Let me know your thoughts.

Financial burden of homeownership spread unequally Jan 18, 2009 5:17 PM EST

WASHINGTON - When it comes to homeownership, Hispanics in New Jersey,
single parents in California and senior citizens in Rhode Island all have something in common: More than a third have an unaffordable mortgage.

Inequality in America has traditionally followed familiar patterns of race, age and education. Those long-standing gaps have been magnified by the real estate boom and now the historic bust, according to an Associated Press analysis of 2007 Census Bureau data.

While minorities have made significant gains in wealth and home ownership since 1990, "things are going into reverse gear," and now the homeownership rate for blacks and Hispanics is falling, said Edward Wolff, a New York University economist who studies income and wealth distribution.
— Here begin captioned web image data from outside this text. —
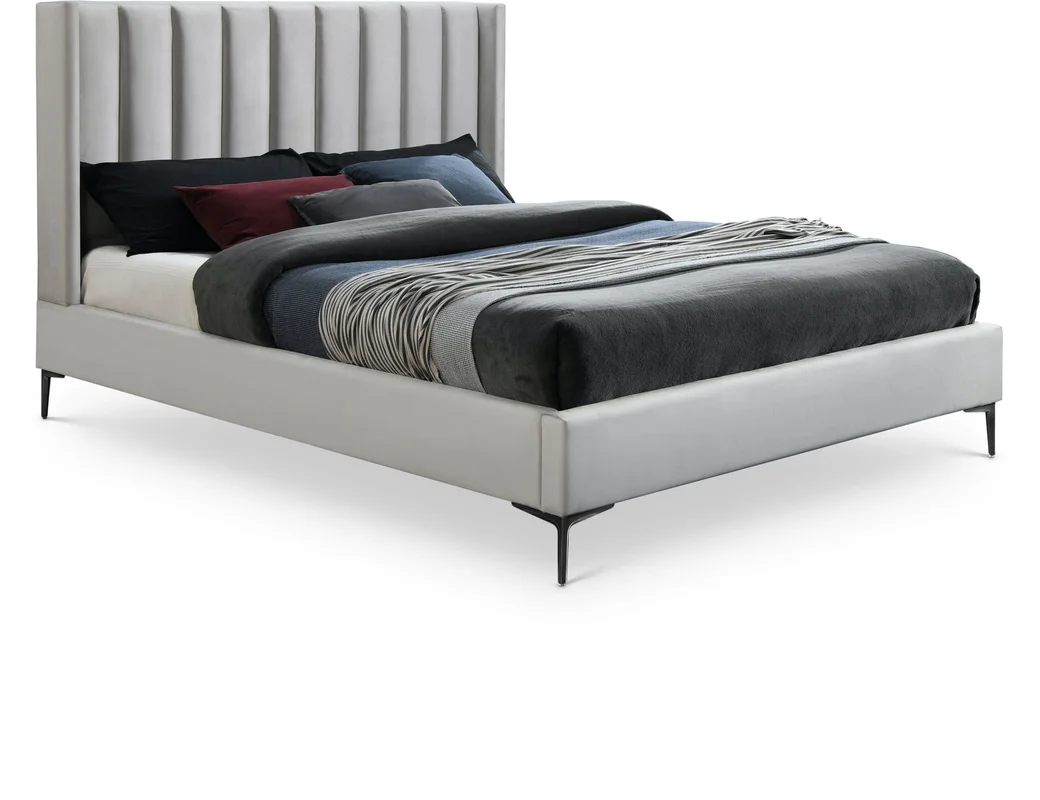dreameehome4163872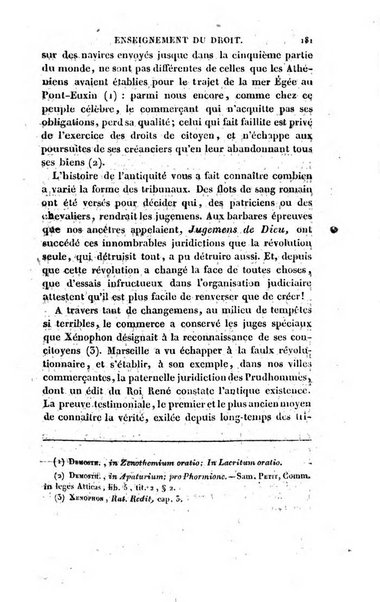 Thèmis ou bibliothèque du jureconsulte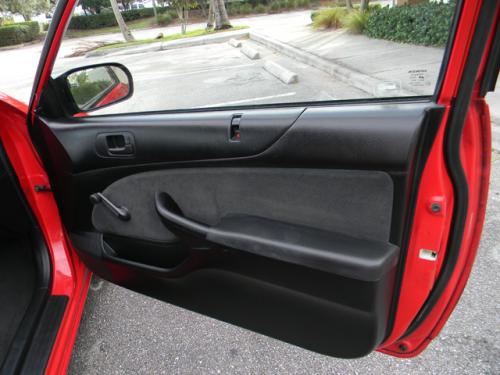 2005 honda civic vp for sale in florida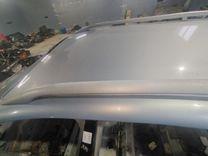 Крыша BPX4EF Citroen C5 купить с доставкой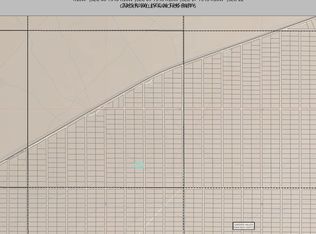 3872 Valley Ranchos, Modena, UT 84753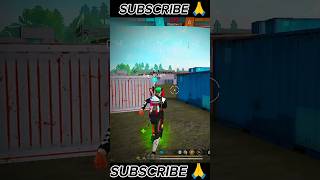 shorts freefire video shortvideos trending tgrnnrz totalgaming shortsfeed trend [upl. by Lemor]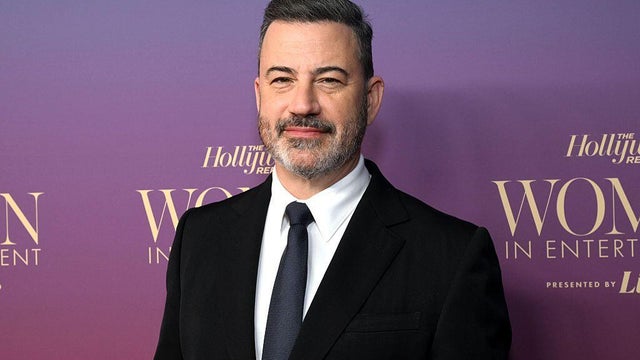 The Hollywood Reporter Women In Entertainment Presented By Lifetime - Arrivals 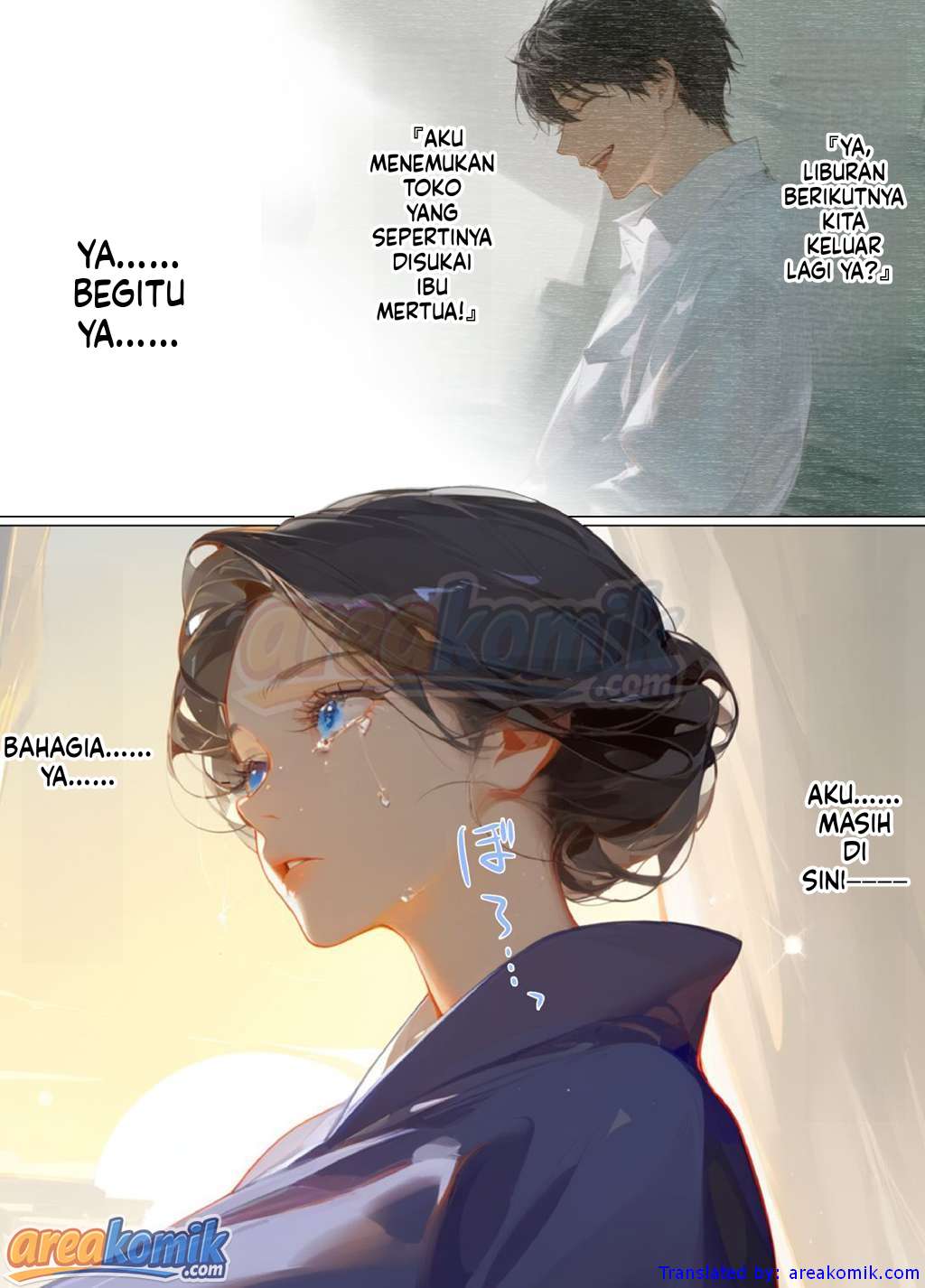 Page 115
Nearly 9.5 million households, or nearly one out of every five of the nearly 52 million homeowners with a mortgage, spend 38 percent or more of their pretax income on their mortgage payment, property taxes and insurance, the AP's analysis found. That's the new threshold to qualify for the loan assistance program launched last month by Fannie Mae and Freddie Mac, the mortgage finance companies now under government control.

Not surprisingly, the most financially burdened are in California, Florida, Nevada
and the Northeast, areas hardest hit by soaring home prices and now foreclosures.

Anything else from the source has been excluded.